The central processing unit of the computer, often dubbed the brain, has historically upstaged memory in the quest for fast and powerful machines. Ioan Raicu, assistant professor of computer science, says that a fully developed brain relies on more than its ability to “think.” It also relies on its ability to retrieve data from memory to carry out normal functions and problem-solve as well as store information for future work.

Computer memory devices, such as hard disks and memory modules, used in today’s supercomputers, will not be able to keep up with the processors behind the next generation of supercomputer—the exascale computer—expected to run 1 quintillion (1017) operations per second.
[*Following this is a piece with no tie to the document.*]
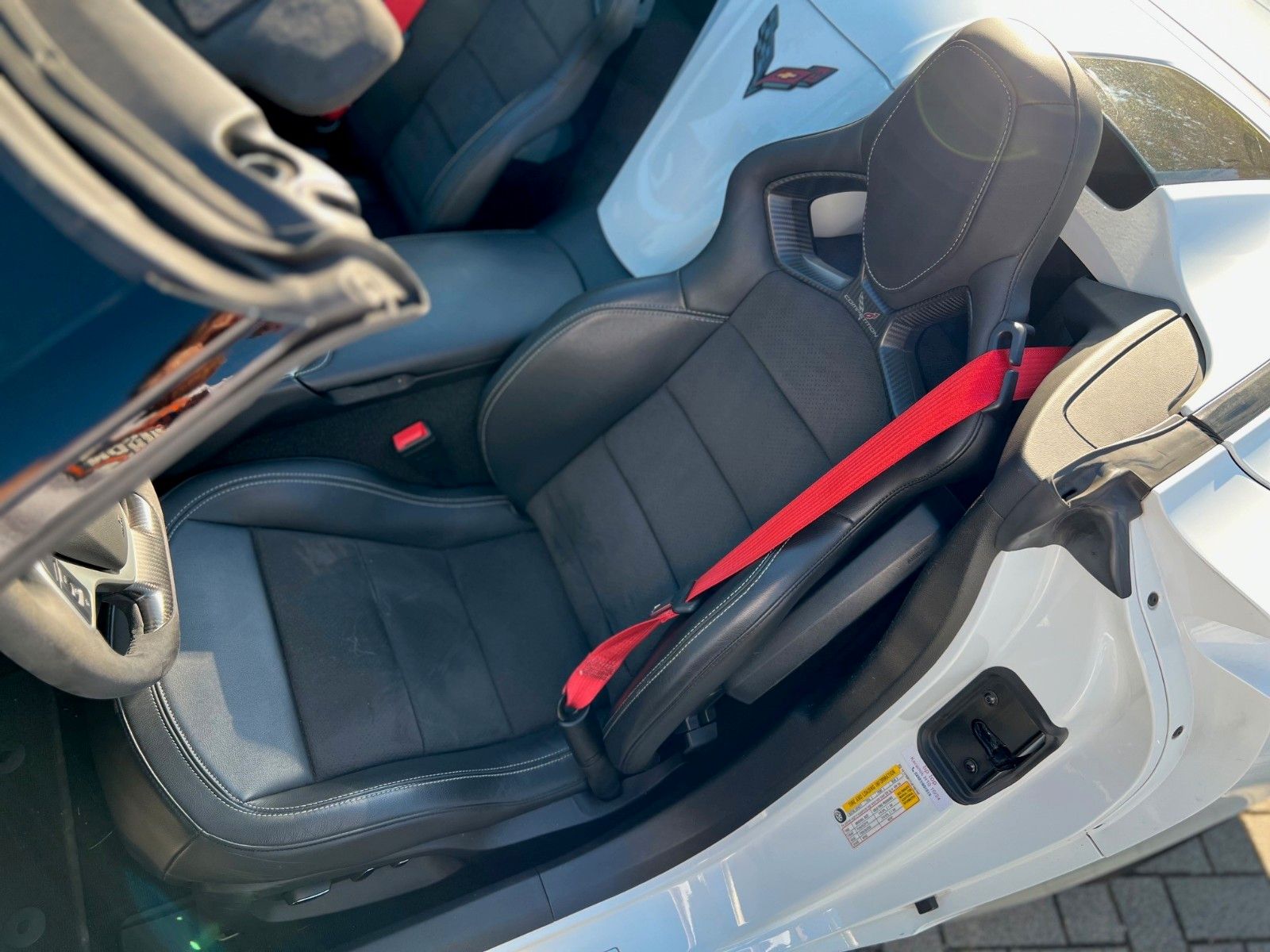 Fahrzeugabbildung Corvette C7 6.2 V8 AT8 Stingray Cabrio 3LT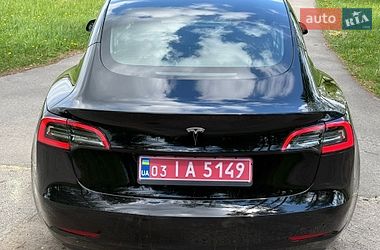 Седан Tesla Model 3 2023 в Киеве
Raicu has a solution to this storage-performance issue and was given a 2011 Faculty Early Career Development (CAREER) Award from the National Science Foundation to help develop his plan.

“My proposal looks at a radically different way of managing persistent storage, which involves very little of the network,” he says, noting that his design covers both the hardware and software required to run it. “The idea is to keep as much data local on each compute node as possible using solid-state [no moving parts] memory. Spinning disks are affordable and have a lot of capacity, but they are not compact, generate heat, and are prone to failure.”

Besides having persistent-storage capability in hard-disk drives, a supercomputer has volatile memory chips on each compute node; tens of thousands of these compute nodes connected together make up a supercomputer. When the machine fails or is powered down, any data in the memory is lost. The compute nodes exchange information across a shared, internal communications network that has become increasingly congested and slow, given exponential growth in processing capacity and the complexity of problems supercomputers are tasked with undertaking.

Supercomputers store data on external parallel file systems that also require communicating across a network. Being able to store the massive number of calculations exascale computers will perform in dedicated compute-node storage will result in a more high-performance and efficient system. There are currently no storage systems available that will scale to the sheer number of computers used in future exascale systems.

Anticipated to be 1,000 times more powerful than China’s Tianhe-1A, the world’s fastest computer, exascale supercomputers will be capable of performing a wide variety of technological and scientific projects—from the modeling and simulation of safe nuclear reactors to global-climate patterns. President Barack Obama included $126 million in his 2012 budget proposal for exascale computing development.